O titular da Saúde negou ainda ter conhecimento de indícios sobre eventual guerra biológica promovida pelo país asiático, após, no mesmo discurso, Bolsonaro insinuar que a China teria criado o vírus para promover uma “guerra bacteriológica”.

Em reação às declarações de Bolsonaro, o senador Tasso Jereissati (PSDB-CE) anunciou logo no início da sessão da CPI que pretende convidar representante da Agência Brasileira de Inteligência (Abin) para debater o conceito de guerra biológica.

AUTONOMIA

No depoimento à CPI, Queiroga também disse que desde que chegou ao ministério, há pouco mais de 40 dias, tem autonomia para tocar a gestão de forma técnica. Ele negou que seu relacionamento com parentes e conhecidos de Bolsonaro interfira em sua atuação.

Também disse à CPI que sua nomeação não foi condicionada a apoio a qualquer protocolo de tratamento da Covid-19.

“Recebi uma única recomendação do presidente da República: para que todos os recursos públicos que chegassem ao Ministério da Saúde fossem revertidos em políticas públicas para atender nossa sociedade.
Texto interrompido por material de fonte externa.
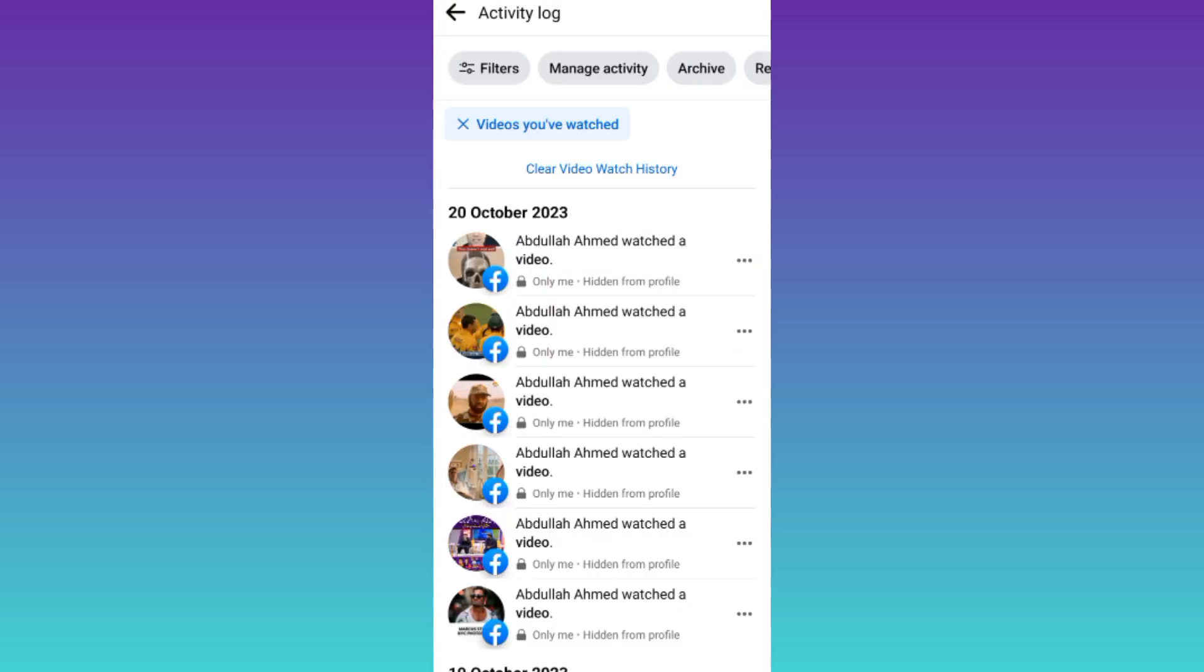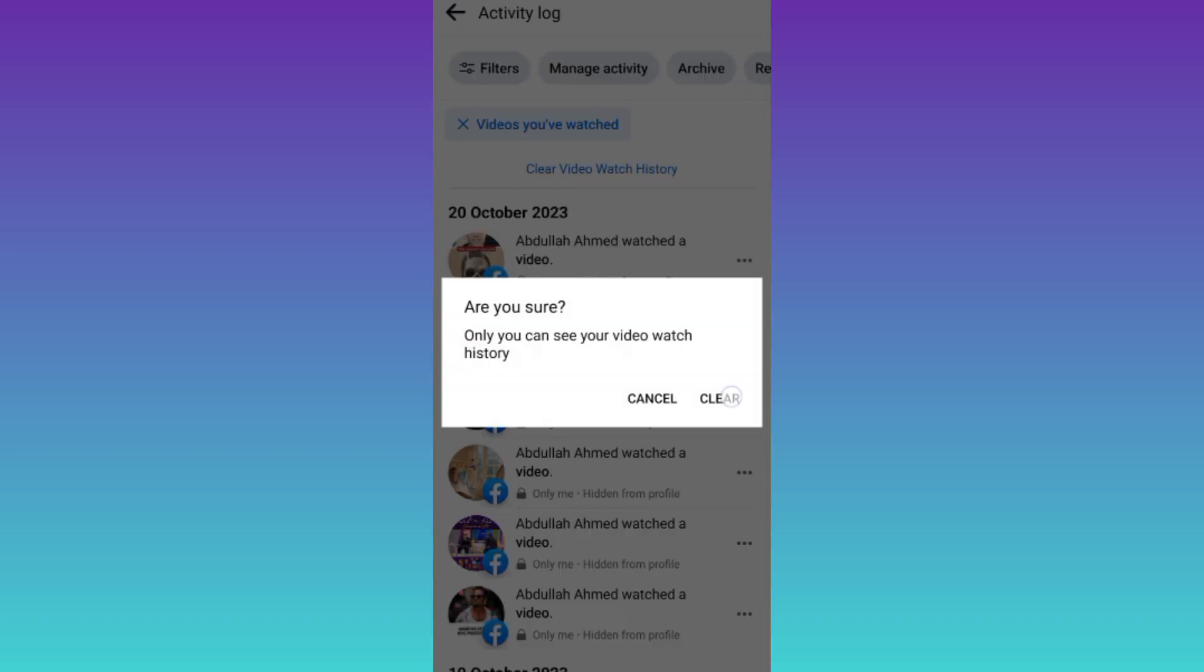Here you will see all the videos that you have recently watched on Facebook and in order to clear them all you have to do is to click on this clear video watch history option. Then tap on clear and that's it.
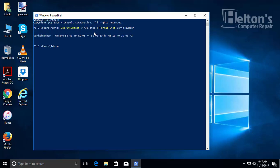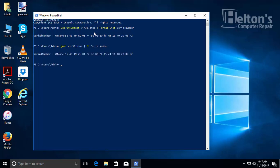Another option you can type in PowerShell is this abbreviated version: gwmi space win32_bios space vertical bar space fl space serialnumber. Here you have it—that's basically how you can get your serial number through PowerShell or Command Prompt.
Não tratei com o presidente acerca de protocolos, acerca de medicamentos, não houve nenhuma conversa dessa natureza e o presidente me deu autonomia para que eu constituísse uma equipe técnica”, garantiu.

Na véspera, o ex-ministro Nelson Teich disse à CPI que decidiu pedir demissão do cargo ao perceber que não teria autonomia, inclusive em relação ao uso de cloroquina, um dos motivos principais para decidir deixar o cargo.

Queiroga admitiu que sua chegada ao ministério marcou uma mudança de posição. O titular afirmou que foca sua gestão no fortalecimento do plano nacional de imunização e na intensificação da orientação da população sobre medidas não farmacológicas para evitar o contágio, como o uso de máscaras e o distanciamento social.

“Sim, é uma mudança. Nós pretendemos fazer ajustes nas políticas que vinham sendo colocadas em prática, e isso já tem sido feito. Eu acho que a sociedade brasileira já tem visto”, disse Queiroga ao responder a uma pergunta do relator da CPI.